Previous studies have evaluated the relationship between the aortic wall thickness (WT)1 and aortic distensibility (AD)2 with conventional cardiovascular risk factors of cardiovascular disorders. The combination of these 2 in relation to conventional risk factors has not been previously established in a large population-based study. The purpose of this study was to evaluate the relationship between structural and functional measures of the aorta as measured by MRI with conventional cardiovascular disease risk factors in a large population-based study.
Methods
The Multi-Ethnic Study of Atherosclerosis (MESA) is a population-based sample of 6,814 men and women who were 45–84 years old at the time of entry into the study. Participants without clinical cardiovascular disease were included in the study 3. The recruitment centers were located in 6 communities (Baltimore, New York, Minneapolis, Winston-Salem, Los Angeles, and Chicago) in the United States. For the purposes of this study, 1053 consecutive subjects were selected from 3 of the participating field centers (Johns Hopkins University; 255, Wake Forest University; 576, Columbia University; 222). These sites were selected because all used the same manufacturer MRI units (discussed below) with similar software. The institutional review boards at each of the recruiting field centers approved the study and all participants signed informed consent.

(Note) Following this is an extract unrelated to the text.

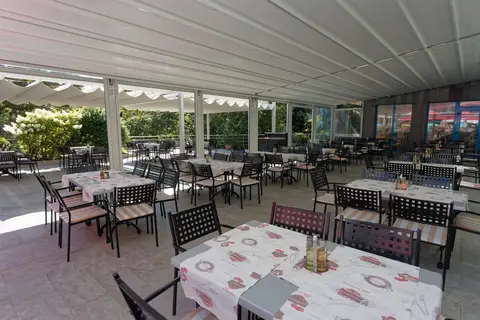 Hotel Slavey in СПА център Ривиера Бийч — foto 6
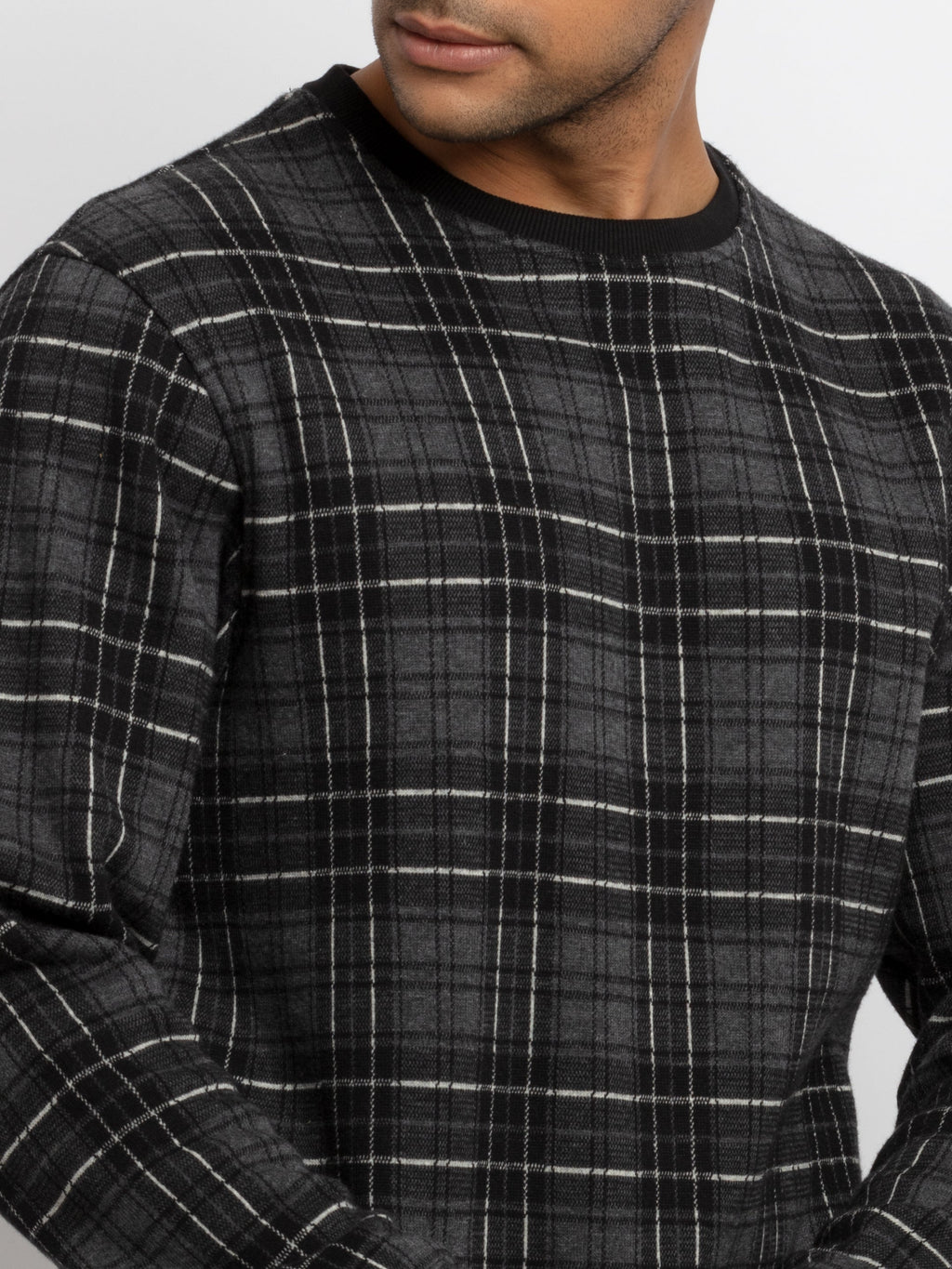 hooded sweatshirts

MRI was performed using 1.5-T whole body MRI systems: Signa CV/i or Signa LX (General Electric Medical Systems, Waukesha, WI). MRI of the aorta was performed using a double inversion recovery black blood fast spin-echo sequence with electrocardiogram (ECG) gating. Axial images of the descending thoracic aorta were obtained at the level of the right pulmonary artery at mid-diastole. Imaging parameters were TR, 2 R-R intervals; TE, 42; field of view, 36 cm; slice thickness, 6 mm; matrix size 512×256 interpolated to 512×512, echo-train length, 32; and receiver bandwidth, 62.5 kHz. .Gradient echo phase contrast cine MRI with ECG gating was performed to evaluate the distensibility of the aorta. Images of the ascending and descending aorta were obtained in the transverse plane at the level of the right pulmonary artery perpendicular to the vessel lumen. Imaging parameters were TR: 10; TE, 1.9; field of view, 34 cm; slice thickness, 8 mm; matrix 256×224, 2 signal averages, temporal resolution 20 msec, velocity encoding gradient 150 cm/sec; receiver bandwidth +/− 32kHz.

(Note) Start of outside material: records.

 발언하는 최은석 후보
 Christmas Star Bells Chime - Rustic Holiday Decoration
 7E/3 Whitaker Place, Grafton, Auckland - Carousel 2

Wall measurements were performed by a single cardiologist using the Magnetic Resonance Analytical Software System (MASS) vessel wall version 5.1 (Medis, Leiden, The Netherlands). Images were magnified to 500 – 1000 %. The gray scale was inverted to suppress periaortic fat. The thickness of the mid thoracic descending aortic wall was measured using electronic calipers at four standard positions: 12, 3, 6, and 9 o'clock. The average value of these four measurements was then calculated. In addition, the maximal wall thickness was measured three times for each slice, and the average of these 3 measurements was used. A preliminary pilot study on 196 cases of the same original sample showed an interclass correlation coefficient of 0.980 for average WT and 0.991 for maximum WT. To determine the aortic distensibility, the minimum and maximum cross-sectional areas of the ascending aorta were determined using an automated contour routine using the software FLOW (Medis, Leiden, The Netherlands). Aortic distensibility (AD) was calculated as ; AD = (Maximum area — Minimum area) / [(Minimum area) ×Δ P] × 1000, where Δ P is the pulse pressure in mmHg. Pulse pressure was the difference between systolic and diastolic measurements of blood pressure. Blood pressure was measured immediately before and after the MRI aortic measurements while the patient was in the supine position on the MRI scanner gantry; the average systolic and diastolic values were then used to calculate pulse pressure. The MRI reader was blinded to all variables of the study subjects except the participant identification number.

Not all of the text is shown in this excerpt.